[MATERIAL TO PROCESS]

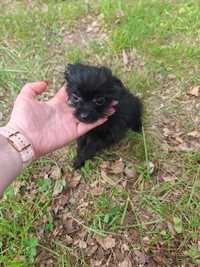 Pomeranian + Yorkshire terrier black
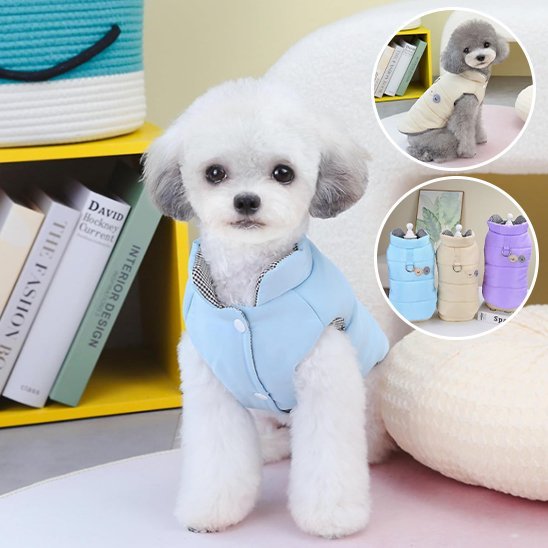 Manteau chien | Hiver Confort - La Maison Ideale Des Chiens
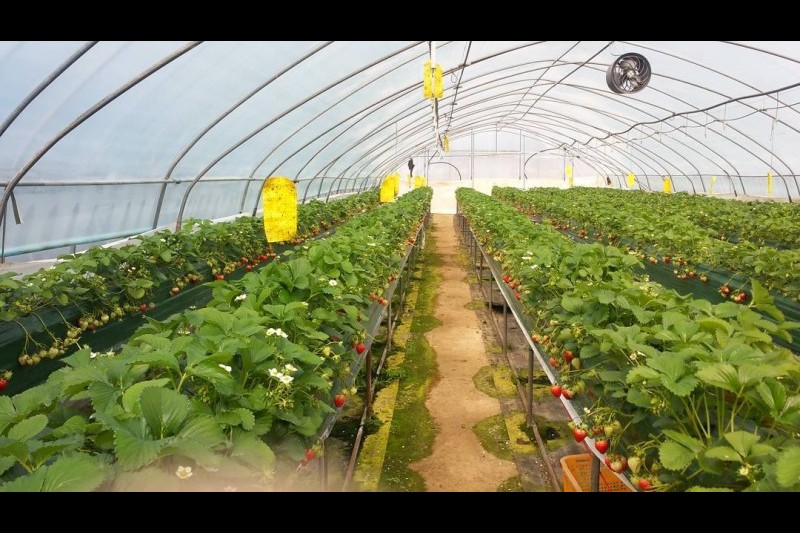 Uncle Strawberry’s Farm  (4/5)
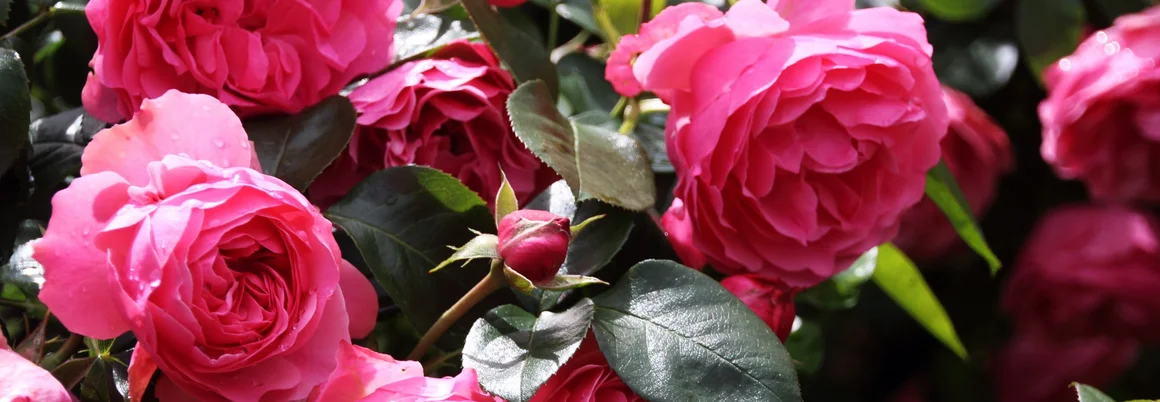 Rosafarbene Rosenblüten am Strauch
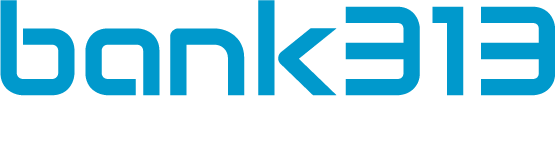 bank 313 Logo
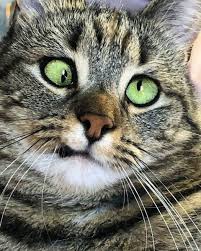 We Ve Fallen In Love With Olive The Cross Eyed Cat Cross Eyed Cat Cats Cross Eyed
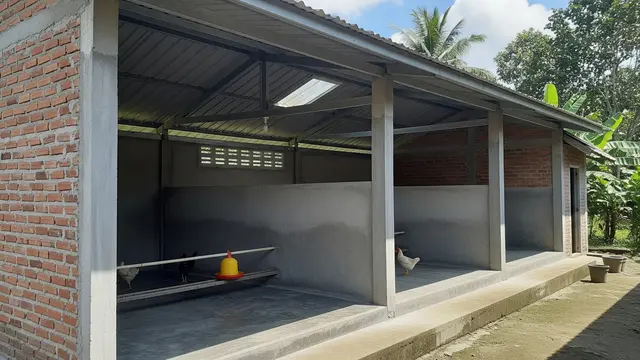 Model Kandang Ayam Anti Ular dan Banjir
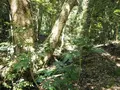 能登國一宮 気多大社の写真_305678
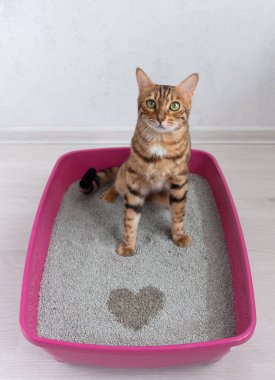 Bengal kedisinden sevgililer günü hediyesi, kedi aşkını ifade ediyor.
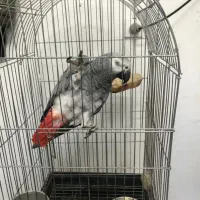 فروش ویژه کاسکو جفت و جوجه
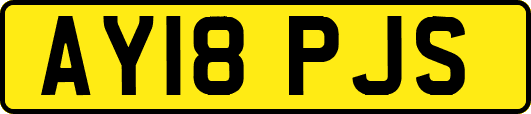 AY18PJS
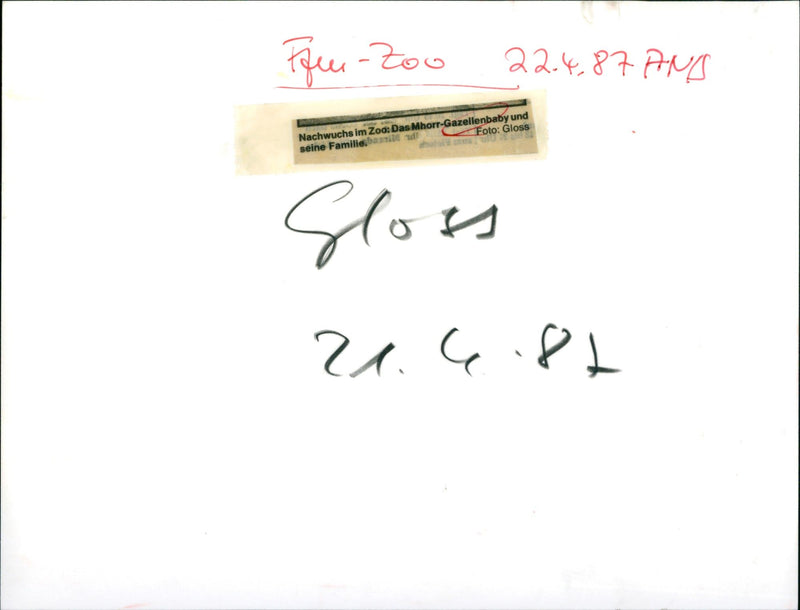 Zoo animals: gazelles - Vintage Photograph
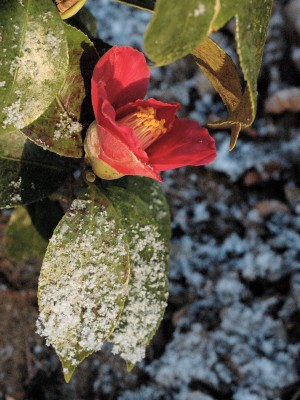 springs_promise_-4C.jpg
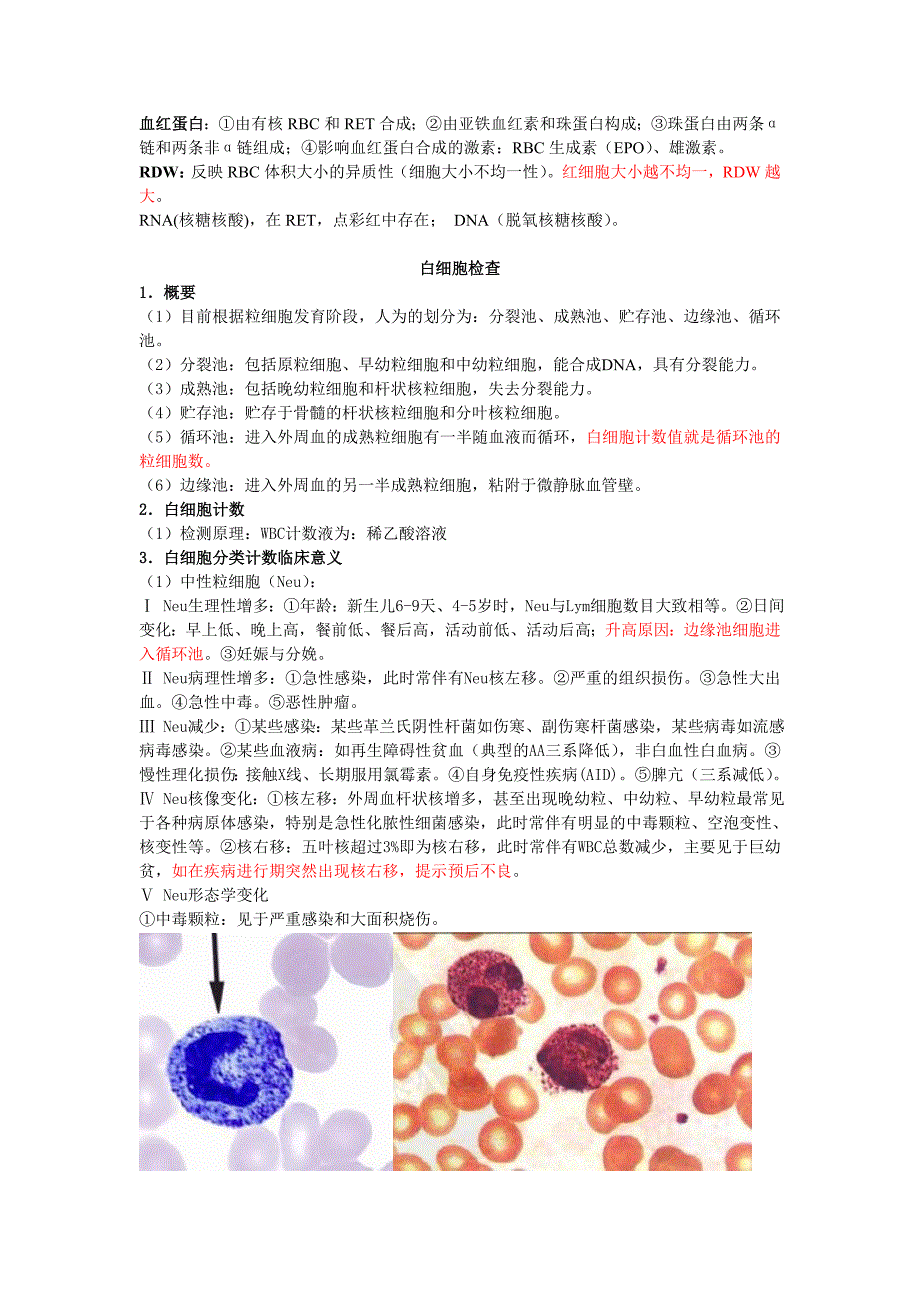 检验职称系列---白细胞检查.doc_第1页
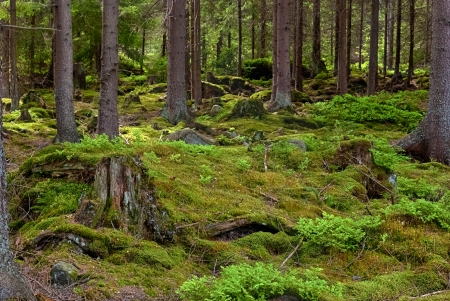 The primeval forest with mossed ground-HDR
の写真素材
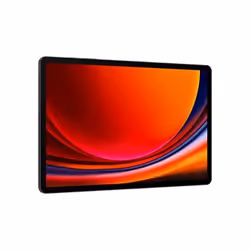 Samsung Galaxy Tab S9+ 12Go 256Go Graphite - Vue supplémentaire 4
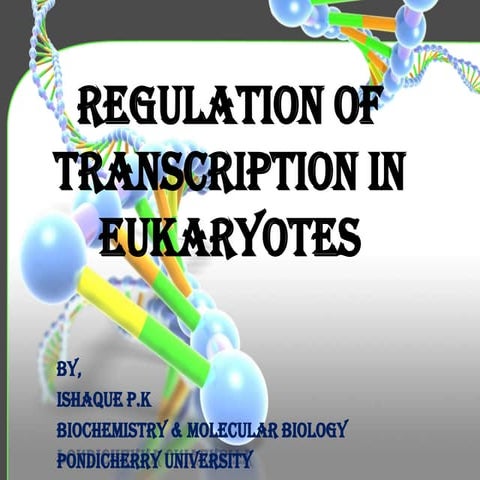 Transcription Regulation in Eukaryotes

[/MATERIAL TO PROCESS]

TASK TO CARRY OUT
In the copy, only the lines from the one holding "能登國一宮 気多大社の写真_305678" through the end of the listing above should appear, retyped exactly, both ends included, with no pictures.

ANSWER SECTION
 能登國一宮 気多大社の写真_305678
 Bengal kedisinden sevgililer günü hediyesi, kedi aşkını ifade ediyor.
 فروش ویژه کاسکو جفت و جوجه
 AY18PJS
 Zoo animals: gazelles - Vintage Photograph
 springs_promise_-4C.jpg
 检验职称系列---白细胞检查.doc_第1页
 The primeval forest with mossed ground-HDR
の写真素材
 Samsung Galaxy Tab S9+ 12Go 256Go Graphite - Vue supplémentaire 4
 Transcription Regulation in Eukaryotes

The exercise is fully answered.